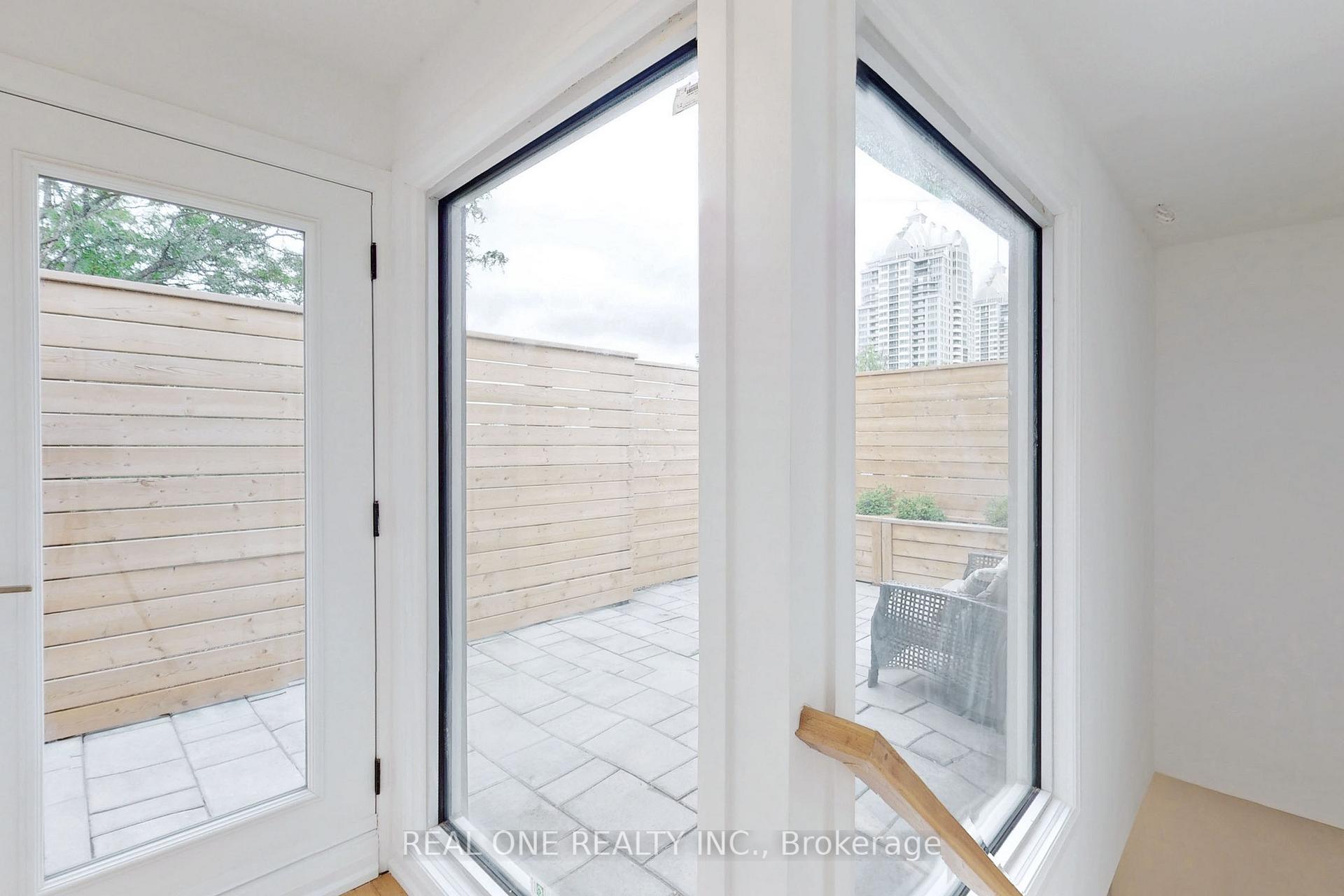 Photo 28 of Unit 6, 25 Dervock Crescent, North York, Bayview Village — HOMEH
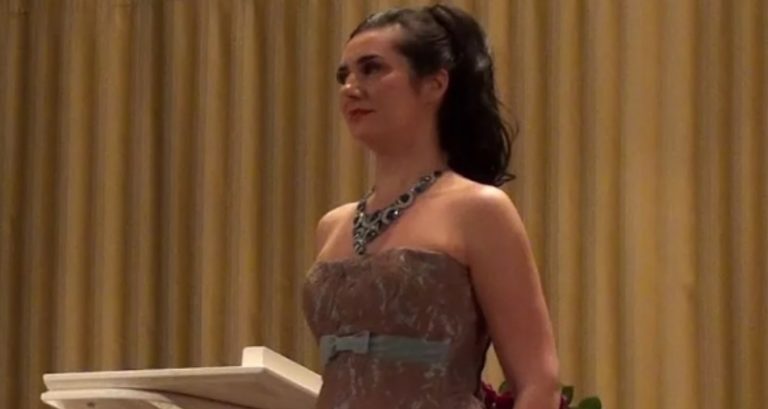 Мати не цікавилася дочкою та покинула її. Роки потому вона стала відомою співачкою і відповіла матері.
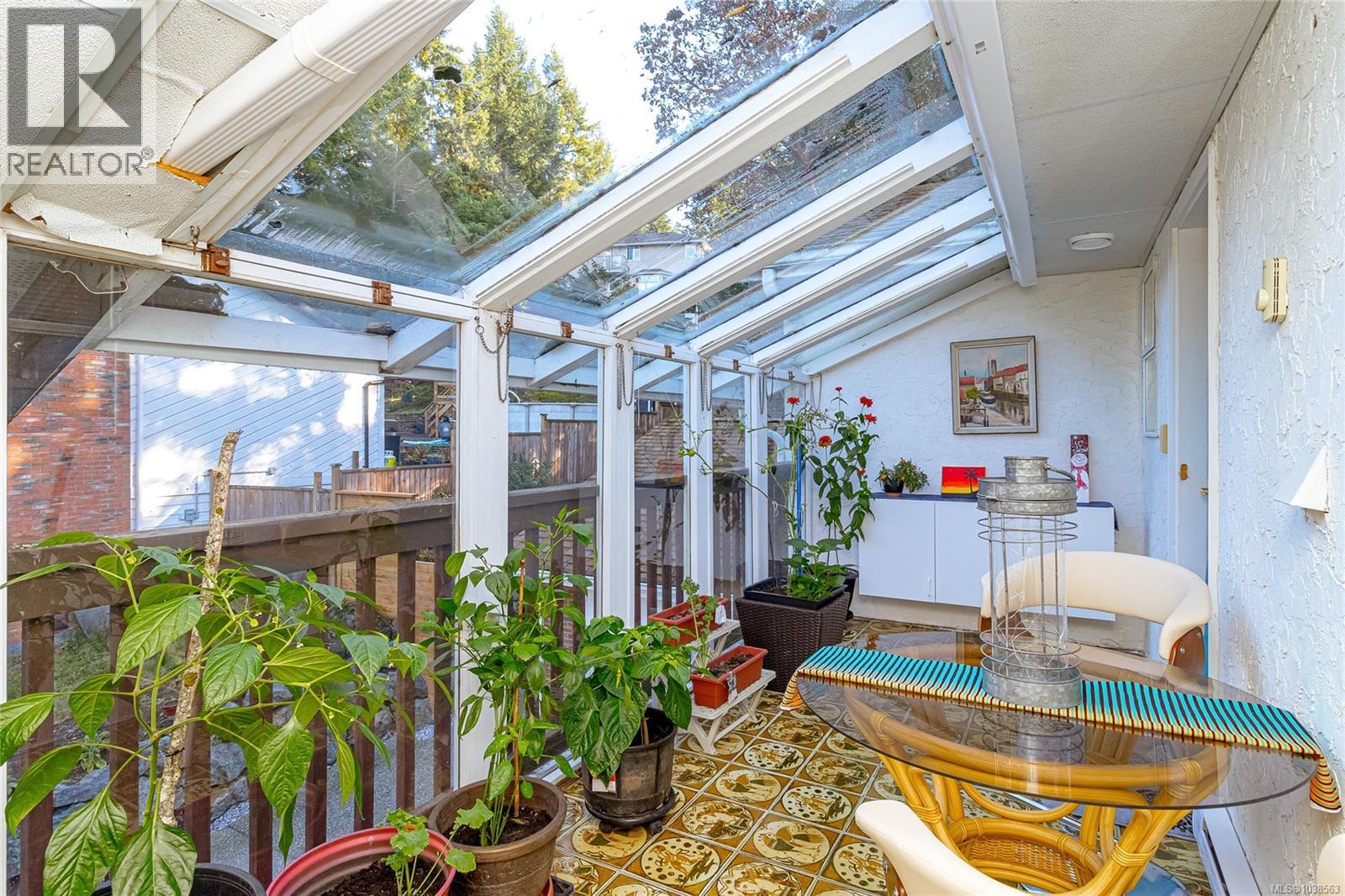 1364 Kingsview Rd - 36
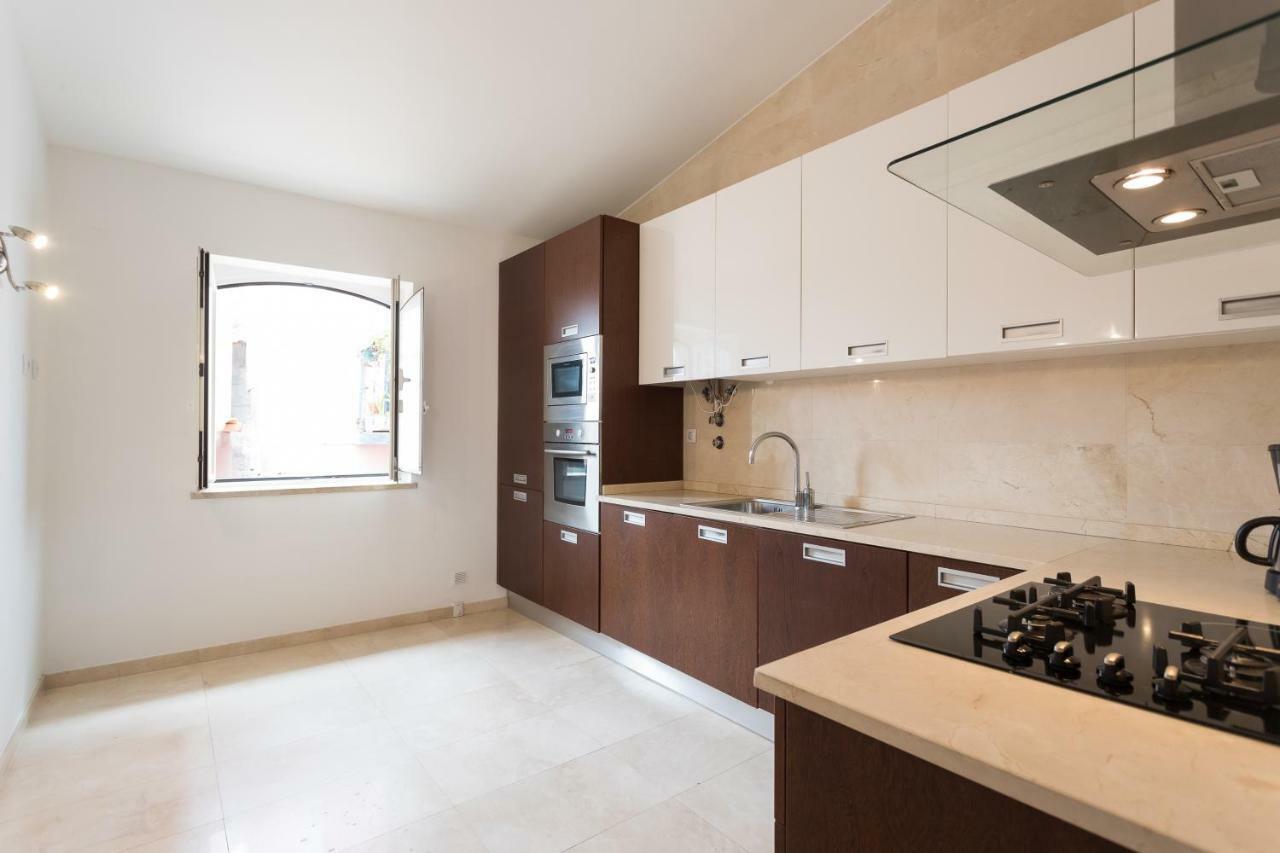 Alfama Modern Two-Bedroom Apartment W/ River View And Parking - By Lu Holidays Lisboa 外观 照片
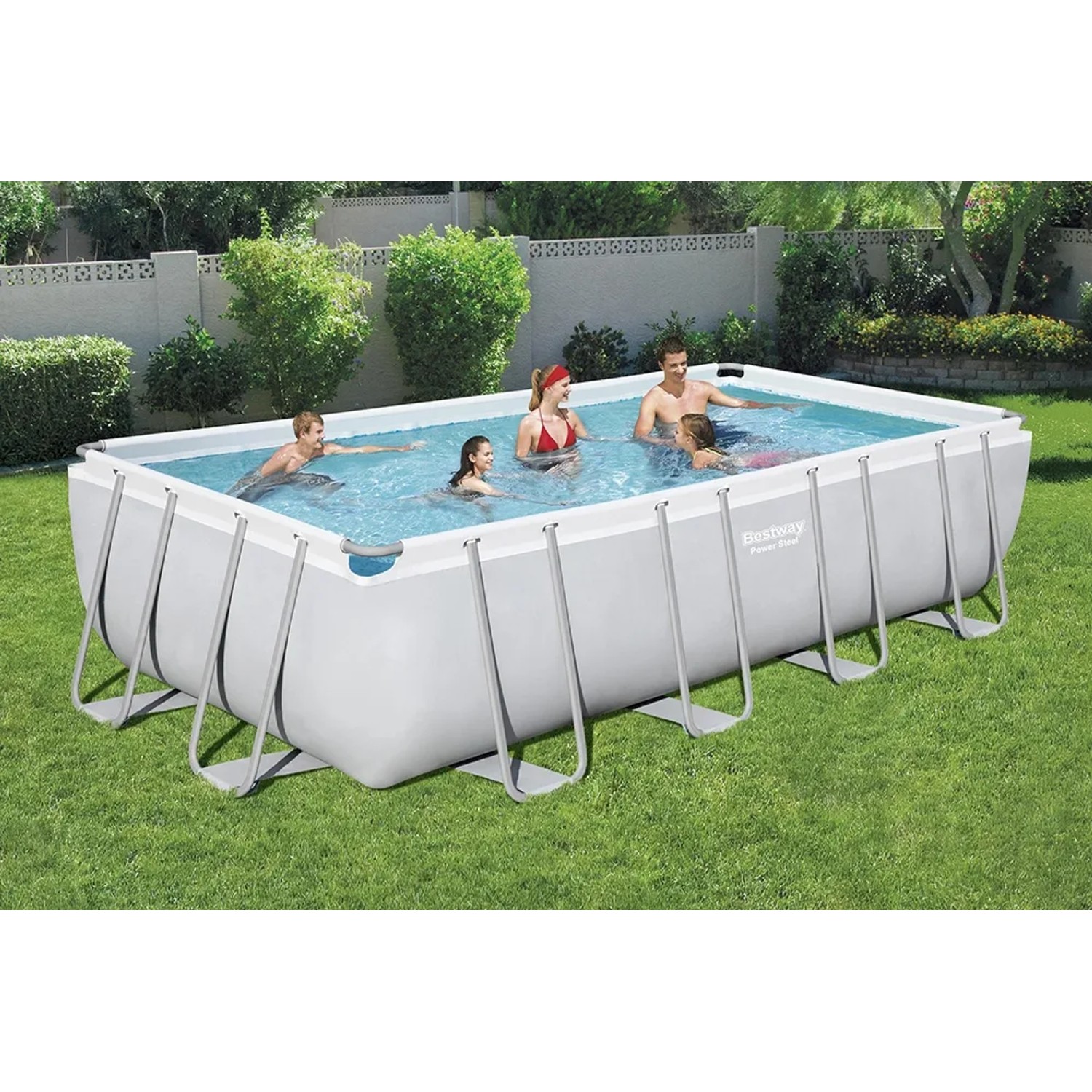 Rechteckiger Bestway Stahlrahmenpool mit Familie im Garten, 549x274x122 cm.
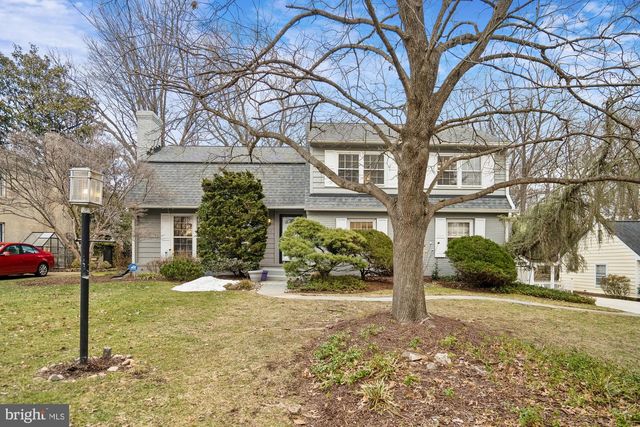 11509 FARMLAND DR, North Bethesda, MD 20852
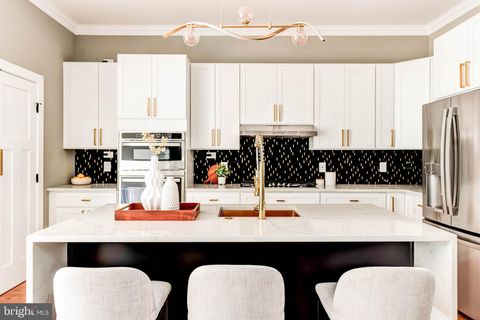 Photo of 10906 Devin Place, Kensington, MD 20895 (MLS # MDMC2125522) Photo of 10906 Devin Place, Kensington, MD 20895 (MLS # MDMC2125522)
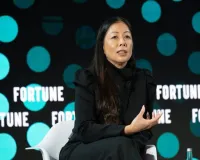 Intrinsic与富士康联手，在美国工厂部署AI机器人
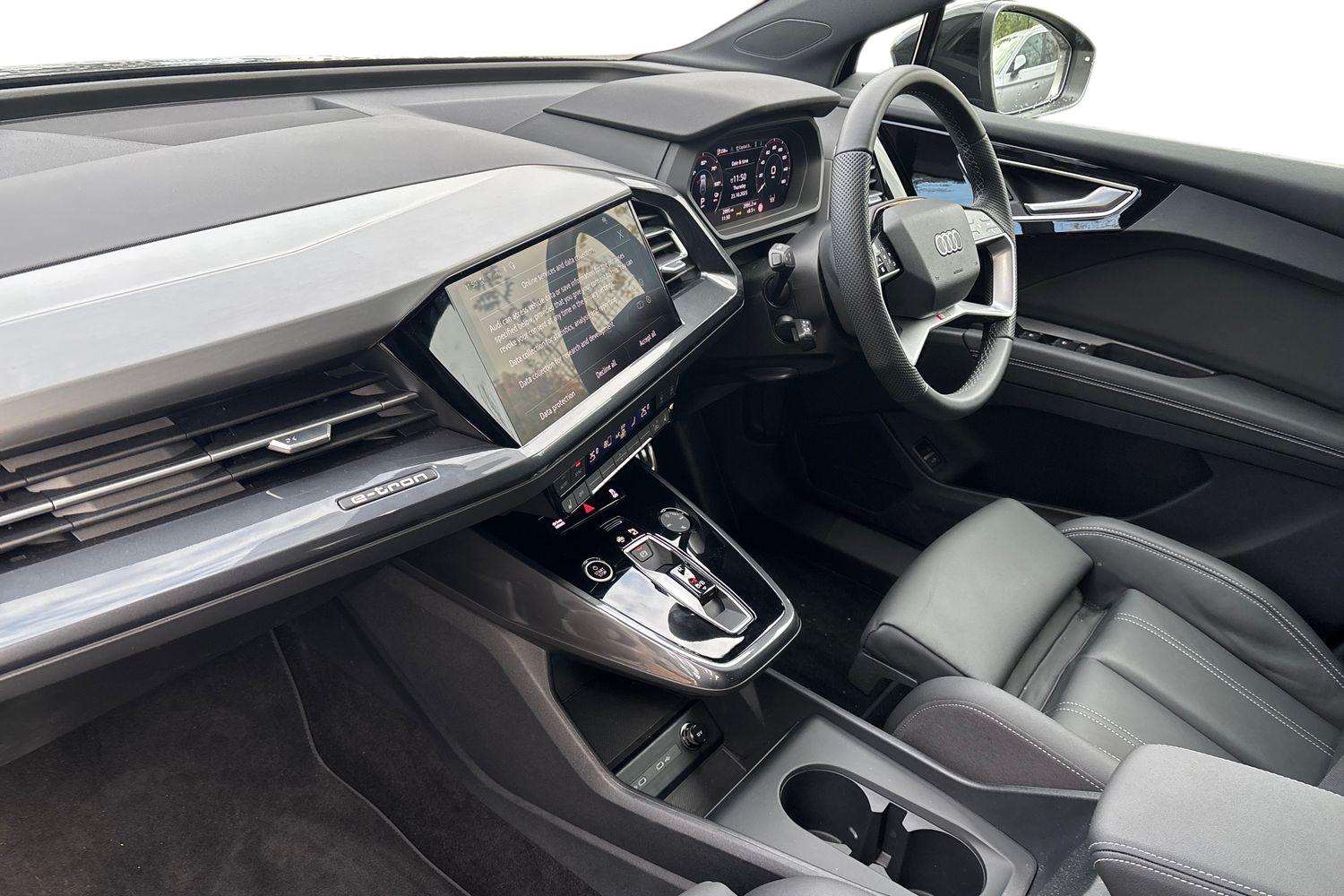 Used Audi Q4 e-tron 2025 for sale - 76373697: Photo 2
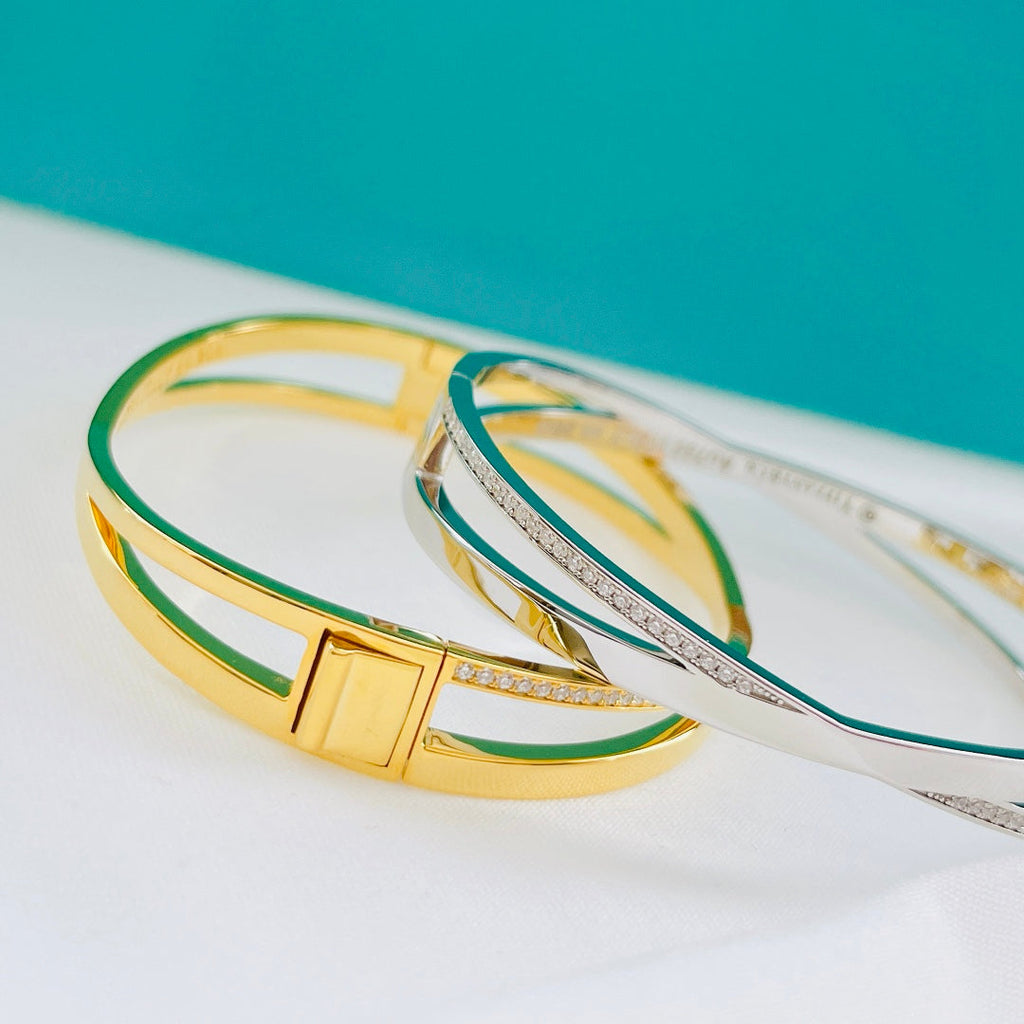 TIFFANY NARROW HINGED BANGLEIN WITH DIAMONDS SMALL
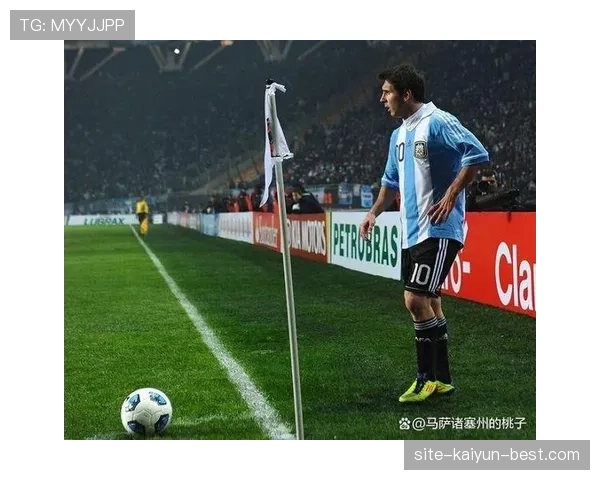 角球旗杆能随便移动吗？规则拆解告诉你正确操作方式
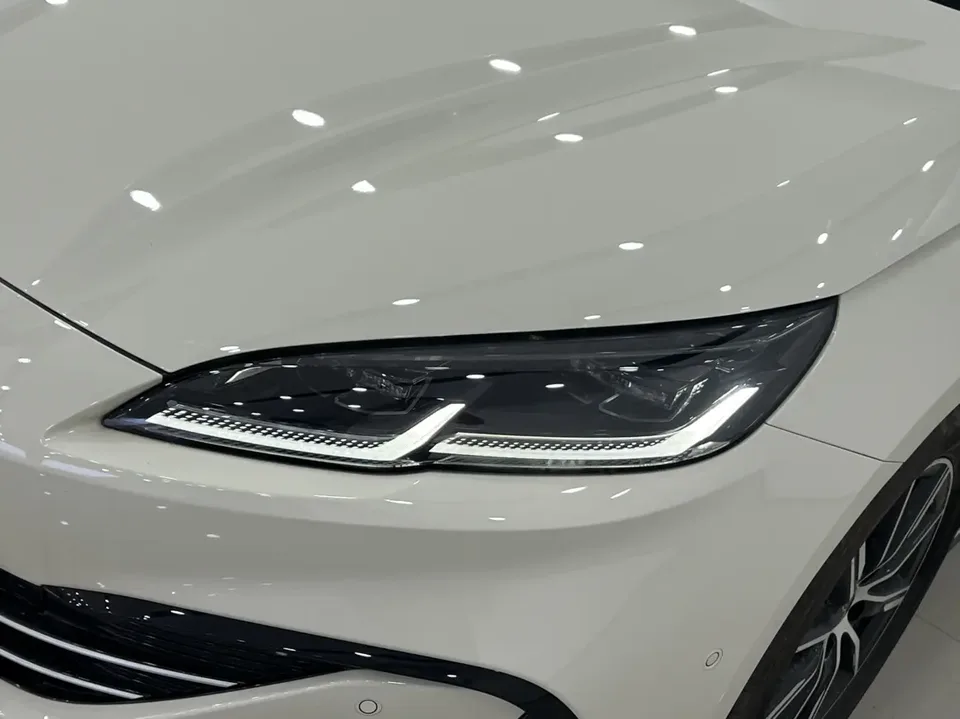 BYD Seal 06DM Intelligent Driving Edition DM-i 120KM Premium Edition 2025 — миниатюра 5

————

▸ **PROBLEM**
Give again, word for word, each line from the one holding "1364 Kingsview Rd - 36" through the end of the entries, and leave out any picture.

▸ **ANSWER SECTION**
 1364 Kingsview Rd - 36
 Alfama Modern Two-Bedroom Apartment W/ River View And Parking - By Lu Holidays Lisboa 外观 照片
 Rechteckiger Bestway Stahlrahmenpool mit Familie im Garten, 549x274x122 cm.
 11509 FARMLAND DR, North Bethesda, MD 20852
 Photo of 10906 Devin Place, Kensington, MD 20895 (MLS # MDMC2125522) Photo of 10906 Devin Place, Kensington, MD 20895 (MLS # MDMC2125522)
 Intrinsic与富士康联手，在美国工厂部署AI机器人
 Used Audi Q4 e-tron 2025 for sale - 76373697: Photo 2
 TIFFANY NARROW HINGED BANGLEIN WITH DIAMONDS SMALL
 角球旗杆能随便移动吗？规则拆解告诉你正确操作方式
 BYD Seal 06DM Intelligent Driving Edition DM-i 120KM Premium Edition 2025 — миниатюра 5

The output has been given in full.